◆ Extracted records
_ _ _
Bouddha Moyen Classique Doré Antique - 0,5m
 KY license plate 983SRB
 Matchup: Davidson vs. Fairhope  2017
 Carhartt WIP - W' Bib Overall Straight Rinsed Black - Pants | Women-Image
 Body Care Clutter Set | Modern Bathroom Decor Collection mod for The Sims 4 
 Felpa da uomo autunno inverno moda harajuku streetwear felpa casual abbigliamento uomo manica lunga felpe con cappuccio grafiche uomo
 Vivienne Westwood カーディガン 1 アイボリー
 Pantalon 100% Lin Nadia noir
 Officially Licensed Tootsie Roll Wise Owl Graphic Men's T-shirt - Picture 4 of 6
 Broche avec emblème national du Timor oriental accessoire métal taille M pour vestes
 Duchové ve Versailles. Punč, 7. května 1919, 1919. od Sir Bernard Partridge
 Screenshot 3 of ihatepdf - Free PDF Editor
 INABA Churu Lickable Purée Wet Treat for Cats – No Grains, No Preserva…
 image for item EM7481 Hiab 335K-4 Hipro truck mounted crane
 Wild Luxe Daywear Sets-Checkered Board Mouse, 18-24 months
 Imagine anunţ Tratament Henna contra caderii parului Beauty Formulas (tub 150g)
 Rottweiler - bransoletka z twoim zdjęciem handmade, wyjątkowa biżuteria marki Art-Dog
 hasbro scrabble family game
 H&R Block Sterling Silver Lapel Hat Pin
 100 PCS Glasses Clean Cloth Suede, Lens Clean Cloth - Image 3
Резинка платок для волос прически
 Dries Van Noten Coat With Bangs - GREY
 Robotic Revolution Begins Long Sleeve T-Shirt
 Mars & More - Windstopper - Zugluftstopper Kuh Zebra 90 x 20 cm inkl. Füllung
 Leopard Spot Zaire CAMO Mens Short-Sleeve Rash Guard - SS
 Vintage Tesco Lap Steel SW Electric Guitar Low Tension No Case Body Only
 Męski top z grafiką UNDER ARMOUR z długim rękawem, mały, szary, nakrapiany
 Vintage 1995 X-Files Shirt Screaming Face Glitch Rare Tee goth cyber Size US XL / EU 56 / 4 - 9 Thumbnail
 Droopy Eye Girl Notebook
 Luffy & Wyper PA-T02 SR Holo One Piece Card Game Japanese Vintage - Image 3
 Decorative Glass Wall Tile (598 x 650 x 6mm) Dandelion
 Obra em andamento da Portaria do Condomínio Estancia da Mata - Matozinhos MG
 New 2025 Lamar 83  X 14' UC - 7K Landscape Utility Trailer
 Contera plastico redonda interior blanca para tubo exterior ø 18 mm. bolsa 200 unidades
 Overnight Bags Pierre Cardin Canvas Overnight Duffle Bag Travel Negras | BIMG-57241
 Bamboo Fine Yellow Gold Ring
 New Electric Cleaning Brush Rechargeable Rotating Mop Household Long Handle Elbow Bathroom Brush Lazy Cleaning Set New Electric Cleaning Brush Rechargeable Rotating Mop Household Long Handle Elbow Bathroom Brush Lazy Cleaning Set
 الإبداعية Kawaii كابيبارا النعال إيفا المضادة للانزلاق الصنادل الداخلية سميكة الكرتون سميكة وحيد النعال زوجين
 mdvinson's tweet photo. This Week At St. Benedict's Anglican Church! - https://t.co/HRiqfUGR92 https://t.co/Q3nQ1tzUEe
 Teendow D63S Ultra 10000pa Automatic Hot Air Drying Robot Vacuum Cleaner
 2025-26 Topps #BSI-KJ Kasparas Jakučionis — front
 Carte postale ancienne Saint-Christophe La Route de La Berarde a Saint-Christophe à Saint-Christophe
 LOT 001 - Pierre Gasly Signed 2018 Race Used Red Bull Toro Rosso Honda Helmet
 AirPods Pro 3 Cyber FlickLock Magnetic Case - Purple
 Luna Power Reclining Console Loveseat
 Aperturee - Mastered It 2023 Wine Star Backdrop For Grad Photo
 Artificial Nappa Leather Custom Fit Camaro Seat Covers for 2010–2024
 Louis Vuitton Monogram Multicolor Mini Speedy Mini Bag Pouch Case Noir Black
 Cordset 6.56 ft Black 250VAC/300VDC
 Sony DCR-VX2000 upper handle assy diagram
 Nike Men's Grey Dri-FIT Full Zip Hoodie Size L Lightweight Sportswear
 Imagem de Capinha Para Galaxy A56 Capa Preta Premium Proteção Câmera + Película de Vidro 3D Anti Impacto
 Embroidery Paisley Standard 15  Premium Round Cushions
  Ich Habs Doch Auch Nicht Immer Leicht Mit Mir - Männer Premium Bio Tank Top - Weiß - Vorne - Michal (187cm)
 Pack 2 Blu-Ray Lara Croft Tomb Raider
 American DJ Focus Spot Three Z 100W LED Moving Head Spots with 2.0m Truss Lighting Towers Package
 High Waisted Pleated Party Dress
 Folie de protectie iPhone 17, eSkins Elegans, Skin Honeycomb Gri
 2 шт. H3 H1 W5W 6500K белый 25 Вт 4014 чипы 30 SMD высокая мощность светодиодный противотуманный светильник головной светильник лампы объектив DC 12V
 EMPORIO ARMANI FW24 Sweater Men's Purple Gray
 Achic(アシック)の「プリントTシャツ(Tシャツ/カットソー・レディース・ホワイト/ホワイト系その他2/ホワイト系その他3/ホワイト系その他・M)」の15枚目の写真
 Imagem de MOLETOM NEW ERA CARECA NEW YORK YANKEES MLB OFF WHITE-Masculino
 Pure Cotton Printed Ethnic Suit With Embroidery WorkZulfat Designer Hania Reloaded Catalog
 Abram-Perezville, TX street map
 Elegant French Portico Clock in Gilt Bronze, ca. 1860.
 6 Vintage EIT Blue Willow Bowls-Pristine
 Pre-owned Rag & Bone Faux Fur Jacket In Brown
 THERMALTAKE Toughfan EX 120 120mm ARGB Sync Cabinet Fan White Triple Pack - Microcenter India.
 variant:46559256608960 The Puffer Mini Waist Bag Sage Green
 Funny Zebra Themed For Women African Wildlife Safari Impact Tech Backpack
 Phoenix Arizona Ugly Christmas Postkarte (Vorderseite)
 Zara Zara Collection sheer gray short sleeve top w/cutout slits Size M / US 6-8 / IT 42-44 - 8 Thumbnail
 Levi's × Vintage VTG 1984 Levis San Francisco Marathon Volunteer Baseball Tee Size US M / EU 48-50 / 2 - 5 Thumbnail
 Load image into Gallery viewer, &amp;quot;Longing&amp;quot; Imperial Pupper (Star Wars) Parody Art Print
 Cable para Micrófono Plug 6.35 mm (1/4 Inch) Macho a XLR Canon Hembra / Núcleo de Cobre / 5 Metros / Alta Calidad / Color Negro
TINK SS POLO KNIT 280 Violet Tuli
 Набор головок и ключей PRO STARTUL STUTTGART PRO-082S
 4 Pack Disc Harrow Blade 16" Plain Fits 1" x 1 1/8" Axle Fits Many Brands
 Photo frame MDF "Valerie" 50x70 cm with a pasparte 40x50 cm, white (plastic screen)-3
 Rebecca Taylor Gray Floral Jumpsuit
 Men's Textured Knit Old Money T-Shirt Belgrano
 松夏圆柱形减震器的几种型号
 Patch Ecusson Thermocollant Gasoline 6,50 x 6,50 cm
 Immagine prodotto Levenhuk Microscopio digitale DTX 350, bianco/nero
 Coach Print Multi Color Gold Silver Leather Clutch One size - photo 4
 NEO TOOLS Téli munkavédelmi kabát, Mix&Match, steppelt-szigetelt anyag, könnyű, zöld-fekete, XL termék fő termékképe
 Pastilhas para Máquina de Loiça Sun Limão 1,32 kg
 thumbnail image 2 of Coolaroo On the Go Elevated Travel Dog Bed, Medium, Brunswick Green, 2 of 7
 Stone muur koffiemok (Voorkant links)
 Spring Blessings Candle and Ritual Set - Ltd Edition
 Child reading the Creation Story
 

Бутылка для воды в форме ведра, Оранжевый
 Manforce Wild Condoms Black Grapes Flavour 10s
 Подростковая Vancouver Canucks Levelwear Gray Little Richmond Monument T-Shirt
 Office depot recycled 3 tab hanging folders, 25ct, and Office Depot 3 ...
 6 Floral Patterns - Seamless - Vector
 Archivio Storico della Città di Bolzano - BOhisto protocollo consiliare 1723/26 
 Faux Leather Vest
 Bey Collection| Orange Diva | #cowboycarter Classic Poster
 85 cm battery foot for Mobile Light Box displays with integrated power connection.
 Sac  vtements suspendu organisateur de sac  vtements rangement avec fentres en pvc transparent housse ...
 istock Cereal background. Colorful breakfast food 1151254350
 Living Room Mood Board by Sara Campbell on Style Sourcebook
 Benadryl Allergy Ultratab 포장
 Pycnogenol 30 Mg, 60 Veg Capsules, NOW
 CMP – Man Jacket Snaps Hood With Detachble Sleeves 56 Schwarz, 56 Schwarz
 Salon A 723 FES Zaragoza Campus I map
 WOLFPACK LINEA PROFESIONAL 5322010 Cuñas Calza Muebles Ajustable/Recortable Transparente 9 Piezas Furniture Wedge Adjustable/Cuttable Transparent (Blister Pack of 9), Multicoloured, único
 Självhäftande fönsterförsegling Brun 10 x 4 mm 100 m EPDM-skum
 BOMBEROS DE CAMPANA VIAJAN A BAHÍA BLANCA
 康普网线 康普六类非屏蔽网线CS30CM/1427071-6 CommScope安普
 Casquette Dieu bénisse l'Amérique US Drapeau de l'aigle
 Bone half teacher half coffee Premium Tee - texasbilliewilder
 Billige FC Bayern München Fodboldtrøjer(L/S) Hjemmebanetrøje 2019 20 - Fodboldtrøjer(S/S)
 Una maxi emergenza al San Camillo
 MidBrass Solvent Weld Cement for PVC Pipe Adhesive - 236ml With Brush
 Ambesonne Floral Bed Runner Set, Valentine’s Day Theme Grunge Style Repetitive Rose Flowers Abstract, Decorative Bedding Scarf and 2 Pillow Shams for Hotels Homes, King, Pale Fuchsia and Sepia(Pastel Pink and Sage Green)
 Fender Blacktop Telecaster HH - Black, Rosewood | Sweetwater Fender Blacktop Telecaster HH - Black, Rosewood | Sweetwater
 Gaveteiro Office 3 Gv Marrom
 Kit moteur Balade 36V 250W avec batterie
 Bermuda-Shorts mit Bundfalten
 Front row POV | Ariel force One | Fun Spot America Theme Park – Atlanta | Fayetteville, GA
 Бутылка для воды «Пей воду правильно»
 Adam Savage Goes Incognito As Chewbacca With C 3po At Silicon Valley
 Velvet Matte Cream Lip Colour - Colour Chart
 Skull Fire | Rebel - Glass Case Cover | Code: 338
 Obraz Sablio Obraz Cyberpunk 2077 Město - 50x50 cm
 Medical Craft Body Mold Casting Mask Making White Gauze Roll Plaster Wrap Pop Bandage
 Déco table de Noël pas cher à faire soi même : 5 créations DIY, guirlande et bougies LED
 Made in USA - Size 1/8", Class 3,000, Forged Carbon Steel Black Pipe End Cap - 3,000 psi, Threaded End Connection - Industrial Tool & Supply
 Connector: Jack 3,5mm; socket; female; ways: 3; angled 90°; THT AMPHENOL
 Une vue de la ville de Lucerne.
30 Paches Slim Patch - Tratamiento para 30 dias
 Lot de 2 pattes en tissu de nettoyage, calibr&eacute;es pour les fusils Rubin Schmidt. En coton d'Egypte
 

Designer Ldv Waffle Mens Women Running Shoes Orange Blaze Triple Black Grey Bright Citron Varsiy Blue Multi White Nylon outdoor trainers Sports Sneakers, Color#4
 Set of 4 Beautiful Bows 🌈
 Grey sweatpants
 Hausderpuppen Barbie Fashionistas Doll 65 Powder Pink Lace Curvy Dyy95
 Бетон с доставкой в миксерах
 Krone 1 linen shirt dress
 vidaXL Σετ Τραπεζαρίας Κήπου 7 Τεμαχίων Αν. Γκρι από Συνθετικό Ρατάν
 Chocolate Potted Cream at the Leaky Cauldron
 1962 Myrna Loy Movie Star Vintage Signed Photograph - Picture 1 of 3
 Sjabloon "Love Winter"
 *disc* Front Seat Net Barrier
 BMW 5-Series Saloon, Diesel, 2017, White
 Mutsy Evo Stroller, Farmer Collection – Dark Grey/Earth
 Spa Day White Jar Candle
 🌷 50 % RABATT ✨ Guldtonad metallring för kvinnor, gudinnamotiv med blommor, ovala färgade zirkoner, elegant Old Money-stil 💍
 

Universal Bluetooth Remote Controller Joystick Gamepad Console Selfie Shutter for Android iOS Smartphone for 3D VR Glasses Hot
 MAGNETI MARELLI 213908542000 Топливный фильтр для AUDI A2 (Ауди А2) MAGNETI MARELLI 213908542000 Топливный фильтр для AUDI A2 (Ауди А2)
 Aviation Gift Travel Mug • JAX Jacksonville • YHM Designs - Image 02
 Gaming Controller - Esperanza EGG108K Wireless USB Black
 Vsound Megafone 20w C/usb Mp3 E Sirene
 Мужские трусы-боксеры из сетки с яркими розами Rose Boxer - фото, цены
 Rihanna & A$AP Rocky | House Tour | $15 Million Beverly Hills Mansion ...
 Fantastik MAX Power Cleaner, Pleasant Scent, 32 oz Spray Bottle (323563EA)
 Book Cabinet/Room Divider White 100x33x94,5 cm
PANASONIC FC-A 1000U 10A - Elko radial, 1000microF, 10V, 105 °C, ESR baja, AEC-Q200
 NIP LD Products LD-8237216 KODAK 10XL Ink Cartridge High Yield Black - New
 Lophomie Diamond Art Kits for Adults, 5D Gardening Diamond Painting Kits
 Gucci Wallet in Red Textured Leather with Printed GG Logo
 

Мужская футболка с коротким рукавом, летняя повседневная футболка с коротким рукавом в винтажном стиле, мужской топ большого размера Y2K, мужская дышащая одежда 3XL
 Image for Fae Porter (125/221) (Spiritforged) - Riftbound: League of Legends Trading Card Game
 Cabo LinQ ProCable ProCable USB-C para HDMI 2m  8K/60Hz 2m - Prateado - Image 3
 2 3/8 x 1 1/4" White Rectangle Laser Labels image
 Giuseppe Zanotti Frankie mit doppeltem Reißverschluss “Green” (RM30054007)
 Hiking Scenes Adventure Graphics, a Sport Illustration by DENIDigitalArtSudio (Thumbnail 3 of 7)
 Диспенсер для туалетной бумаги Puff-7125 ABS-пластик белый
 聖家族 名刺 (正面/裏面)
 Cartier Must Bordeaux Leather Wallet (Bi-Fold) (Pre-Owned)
_ _ _
◆ WORK TO BE COMPLETED
Would you please copy exactly the part of the entries above that begins at the line containing "Benadryl Allergy Ultratab 포장" and ends at the line containing "Déco table de", both lines included?

◆ THE COMPLETED TASK
 Benadryl Allergy Ultratab 포장
 Pycnogenol 30 Mg, 60 Veg Capsules, NOW
 CMP – Man Jacket Snaps Hood With Detachble Sleeves 56 Schwarz, 56 Schwarz
 Salon A 723 FES Zaragoza Campus I map
 WOLFPACK LINEA PROFESIONAL 5322010 Cuñas Calza Muebles Ajustable/Recortable Transparente 9 Piezas Furniture Wedge Adjustable/Cuttable Transparent (Blister Pack of 9), Multicoloured, único
 Självhäftande fönsterförsegling Brun 10 x 4 mm 100 m EPDM-skum
 BOMBEROS DE CAMPANA VIAJAN A BAHÍA BLANCA
 康普网线 康普六类非屏蔽网线CS30CM/1427071-6 CommScope安普
 Casquette Dieu bénisse l'Amérique US Drapeau de l'aigle
 Bone half teacher half coffee Premium Tee - texasbilliewilder
 Billige FC Bayern München Fodboldtrøjer(L/S) Hjemmebanetrøje 2019 20 - Fodboldtrøjer(S/S)
 Una maxi emergenza al San Camillo
 MidBrass Solvent Weld Cement for PVC Pipe Adhesive - 236ml With Brush
 Ambesonne Floral Bed Runner Set, Valentine’s Day Theme Grunge Style Repetitive Rose Flowers Abstract, Decorative Bedding Scarf and 2 Pillow Shams for Hotels Homes, King, Pale Fuchsia and Sepia(Pastel Pink and Sage Green)
 Fender Blacktop Telecaster HH - Black, Rosewood | Sweetwater Fender Blacktop Telecaster HH - Black, Rosewood | Sweetwater
 Gaveteiro Office 3 Gv Marrom
 Kit moteur Balade 36V 250W avec batterie
 Bermuda-Shorts mit Bundfalten
 Front row POV | Ariel force One | Fun Spot America Theme Park – Atlanta | Fayetteville, GA
 Бутылка для воды «Пей воду правильно»
 Adam Savage Goes Incognito As Chewbacca With C 3po At Silicon Valley
 Velvet Matte Cream Lip Colour - Colour Chart
 Skull Fire | Rebel - Glass Case Cover | Code: 338
 Obraz Sablio Obraz Cyberpunk 2077 Město - 50x50 cm
 Medical Craft Body Mold Casting Mask Making White Gauze Roll Plaster Wrap Pop Bandage
 Déco table de Noël pas cher à faire soi même : 5 créations DIY, guirlande et bougies LED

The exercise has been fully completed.